What the exercise asks: Although the listing below holds pictures, reproduce only its lines from the one containing "Shoes in Closet（シューズインクローゼット）の「軽量厚底" through the last, exactly and without them.

══ Recorded information ══

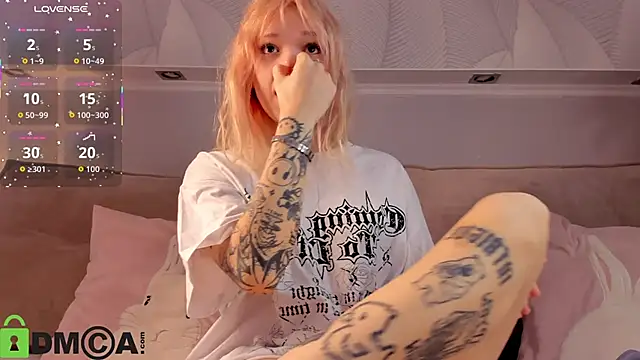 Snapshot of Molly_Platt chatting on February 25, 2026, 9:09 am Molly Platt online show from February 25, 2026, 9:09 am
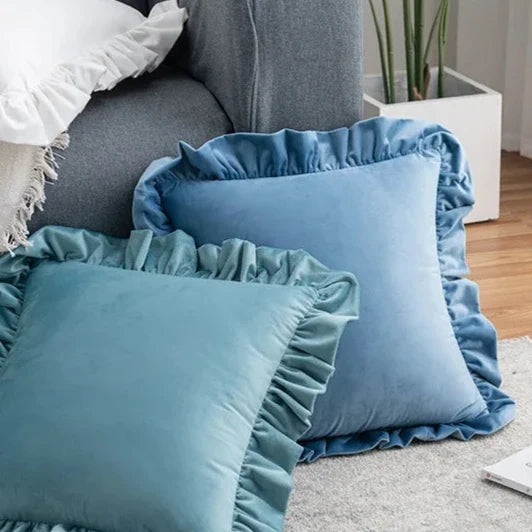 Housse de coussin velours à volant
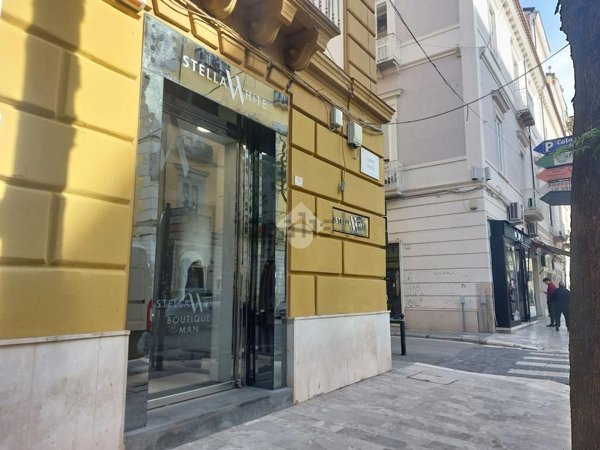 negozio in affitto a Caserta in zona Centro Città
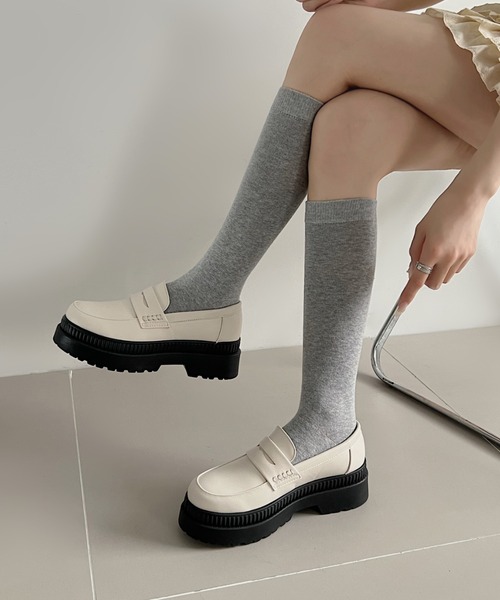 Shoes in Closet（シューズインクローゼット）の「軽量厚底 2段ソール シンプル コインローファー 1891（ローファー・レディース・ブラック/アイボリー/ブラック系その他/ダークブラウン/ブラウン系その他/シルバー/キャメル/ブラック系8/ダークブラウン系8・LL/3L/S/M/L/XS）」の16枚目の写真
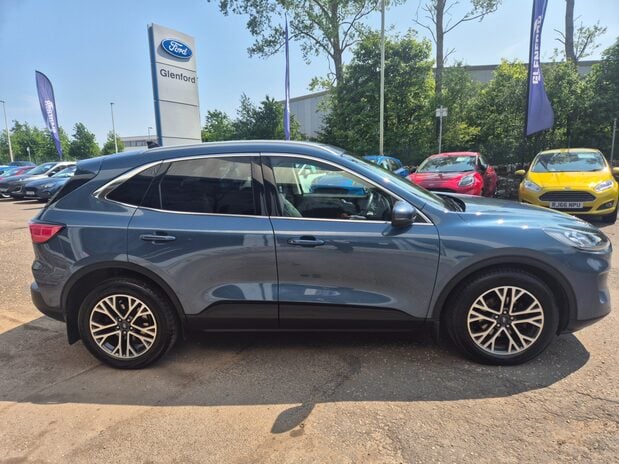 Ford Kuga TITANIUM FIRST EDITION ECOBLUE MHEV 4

═══

Answer to the problem:
 Shoes in Closet（シューズインクローゼット）の「軽量厚底 2段ソール シンプル コインローファー 1891（ローファー・レディース・ブラック/アイボリー/ブラック系その他/ダークブラウン/ブラウン系その他/シルバー/キャメル/ブラック系8/ダークブラウン系8・LL/3L/S/M/L/XS）」の16枚目の写真
 Ford Kuga TITANIUM FIRST EDITION ECOBLUE MHEV 4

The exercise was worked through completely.